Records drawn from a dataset

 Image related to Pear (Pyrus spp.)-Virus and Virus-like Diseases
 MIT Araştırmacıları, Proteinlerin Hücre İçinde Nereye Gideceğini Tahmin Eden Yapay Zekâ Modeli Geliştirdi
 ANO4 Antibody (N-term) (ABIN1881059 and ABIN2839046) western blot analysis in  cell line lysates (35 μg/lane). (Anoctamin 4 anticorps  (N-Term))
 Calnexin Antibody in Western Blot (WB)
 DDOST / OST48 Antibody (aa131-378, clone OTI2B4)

_TO DO_
Retype every record above exactly as written.

_OUTPUT_
 Image related to Pear (Pyrus spp.)-Virus and Virus-like Diseases
 MIT Araştırmacıları, Proteinlerin Hücre İçinde Nereye Gideceğini Tahmin Eden Yapay Zekâ Modeli Geliştirdi
 ANO4 Antibody (N-term) (ABIN1881059 and ABIN2839046) western blot analysis in  cell line lysates (35 μg/lane). (Anoctamin 4 anticorps  (N-Term))
 Calnexin Antibody in Western Blot (WB)
 DDOST / OST48 Antibody (aa131-378, clone OTI2B4)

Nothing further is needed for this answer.